Между тем роль богатыря из авантюрных романов, которую, по мнению Лотмана, исполнял Потемкин (о Радищеве речь пойдет ниже), как минимум далеко не исчерпывала ни его личности, ни мира его переживаний, включавших в себя и мистический опыт, и политическое визионерство, и любовные страсти (см.: Montefiore 2005). В обширном корпусе сохранившегося потемкинского эпистолярия (см.: Ibid., 601–603) это амплуа практически не отразилось – складывается впечатление, что речь скорее идет о маске, надетой на светлейшего мемуаристами и авторами анекдотов, воспринимавшими его поведение в соответствии с известными им образцами.
«Ролевые», «сценарные» или «нарративные» истолкования эмоционального мира личности могут многое в нем прояснить, но практически неизбежно подталкивают исследователя к спрямлению сложности картины. Прежде всего, соответствие между «публичным образом чувствования», специфической ситуацией конкретного человека и его идеализированным представлением о себе может быть полным и абсолютным только в редких случаях. Для того чтобы стать «программой поведения» (Лотман 1992 I: 296), культурный образец должен быть пережит, а в процессе переживания он не только формирует личность, но и трансформируется сам. «Кодируя» то или иное событие или впечатление, индивид, с одной стороны, наделяет их значением в соответствии с существующими в культуре нормами и образцами, а с другой – приспосабливает сами эти нормы и образцы к своим собственным уникальным проблемам и задачам.
Более того, эмоциональный репертуар многих людей может включать в себя различные, часто плохо согласованные между собой, а порой и просто взаимоисключающие эмоциональные матрицы. Разные эмоциональные сообщества, к которым принадлежит человек, часто диктуют ему совсем несхожие правила чувствования, в которых ему приходится ориентироваться. Чем разнообразнее, напряженнее и потенциально конфликтнее «эмоциональный репертуар» личности, тем большим «индивидуальным своеобразием» будут отличаться ее переживания.
Именно поэтому при изучении эмоциональной жизни человека особое значение обретают аномальные случаи и исключения из правил. Как писал Карло Гинзбург, норма сама по себе не дает нам сведений о возможности нарушений, в то время как эксцесс содержит в себе и норму, и нарушение и тем самым указывает на культурные трещины и возможные направления сдвигов (см.: Гинзбург 2004: 299).

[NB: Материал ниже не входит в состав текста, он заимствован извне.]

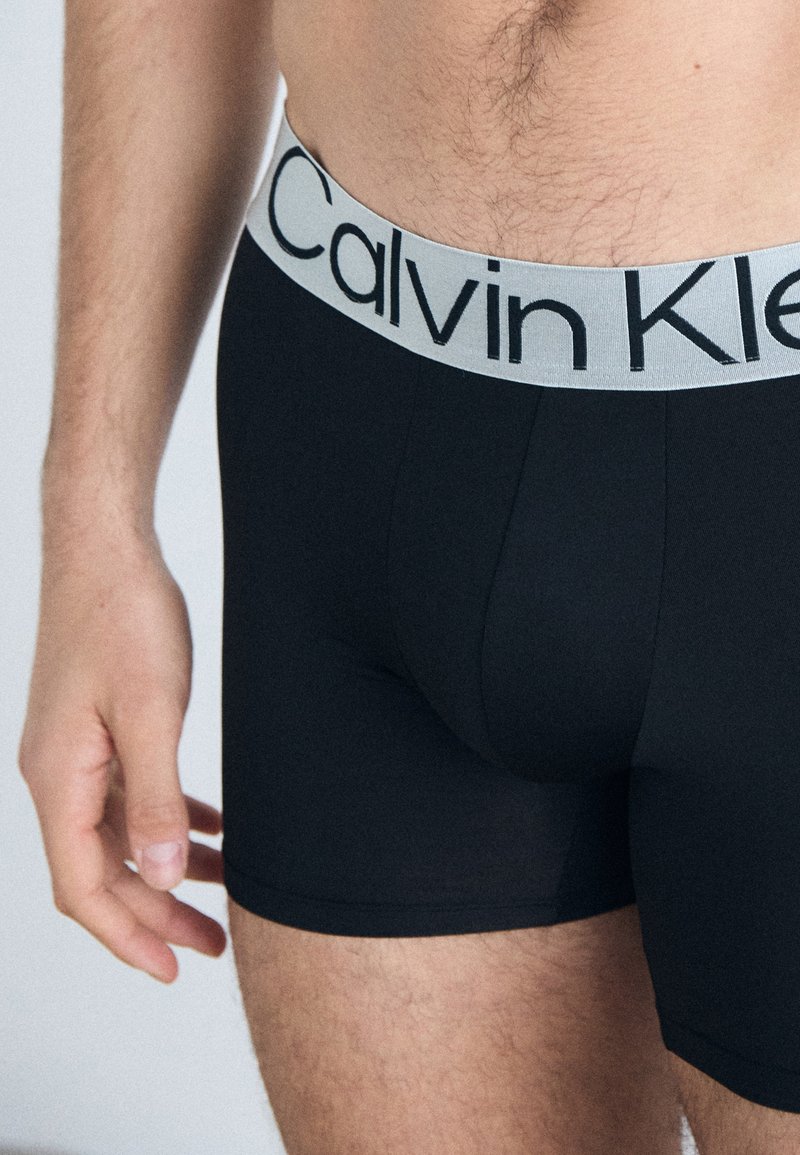 Boxer-briefs noirs avec une ceinture élastique grise portant la marque "Calvin Klein" en noir. Tissu lisse et design ajusté.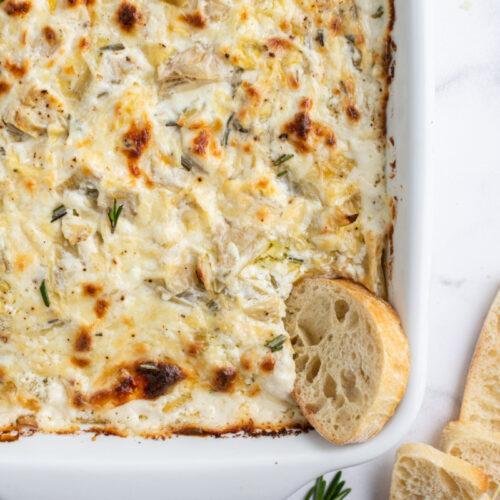 cheesy lemon rosemary artichoke dip in casserole dish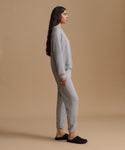 A woman in a side profile wearing a light gray knit lounge set consisting of a long-sleeve top and matching jogger pants, paired with black slip-on slippers against a solid beige studio background.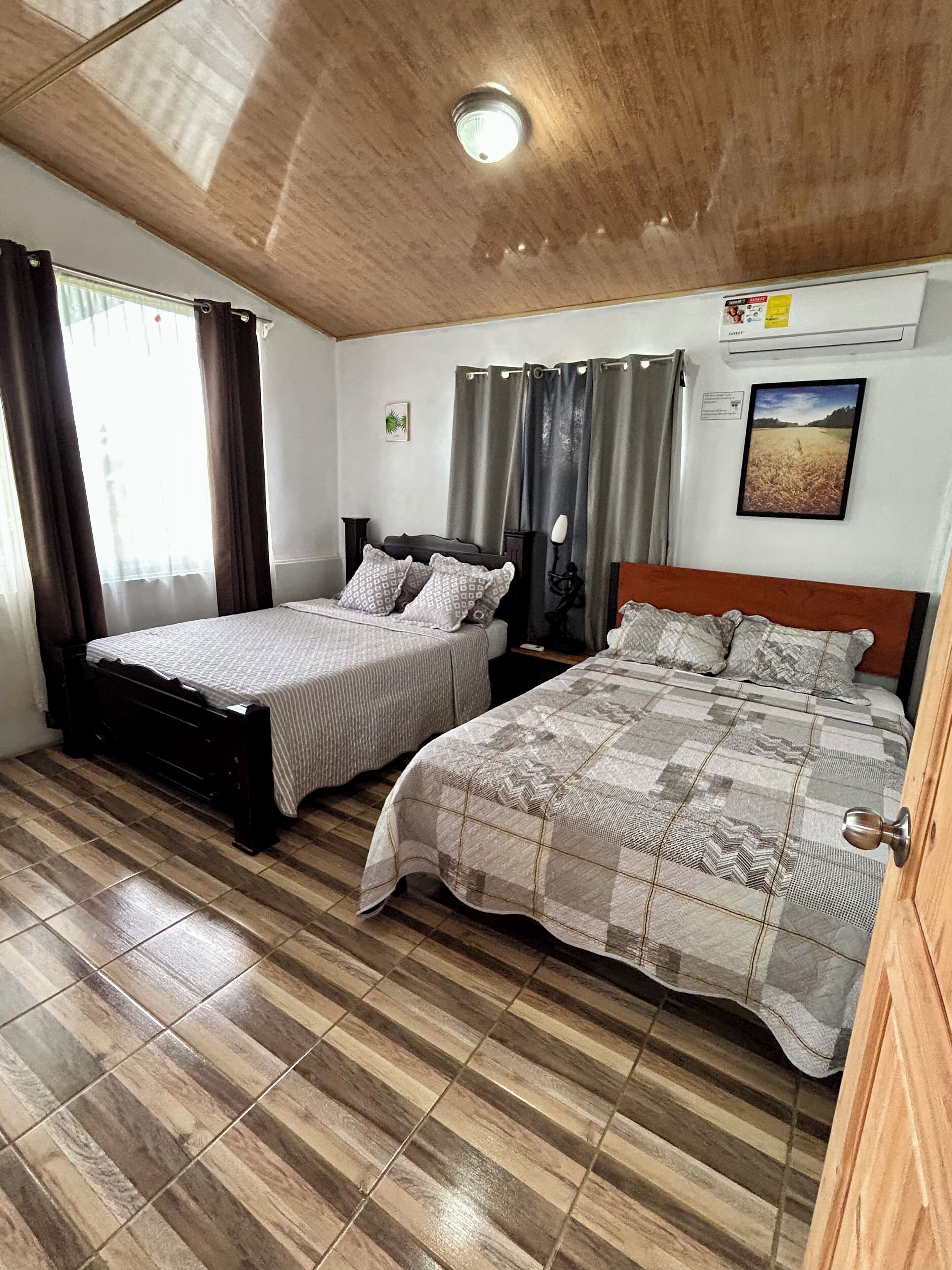 Une chambre avec deux lits, un plafond en bois, une fenêtre avec des rideaux et un climatiseur fixé au mur.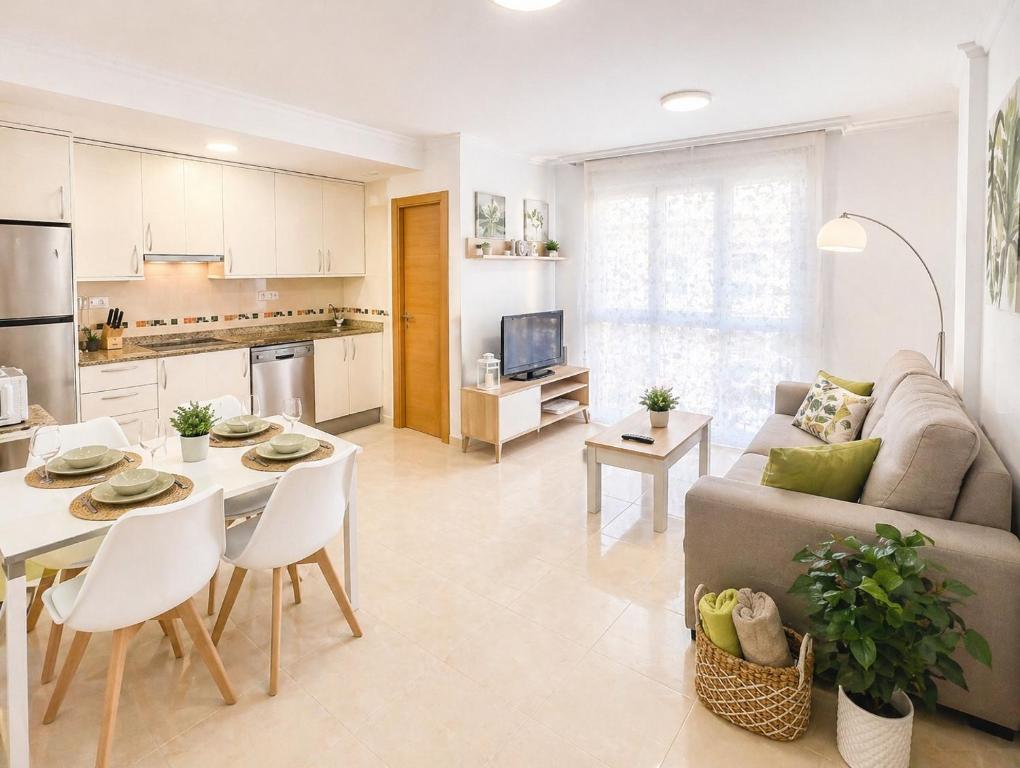 a kitchen and living room with a couch and a table at APARTAMENTO SOL in Viveiro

Еще важнее, что индивидуальное переживание представляет собой аномалию per se, поскольку оно порождается рассогласованностью или, по крайней мере, неполной согласованностью определяющих его эмоциональных матриц. Если каждая матрица принадлежит тому или иному эмоциональному сообществу в целом, то любой конфликт между ними уникален и отражает специфическую ситуацию отдельной личности.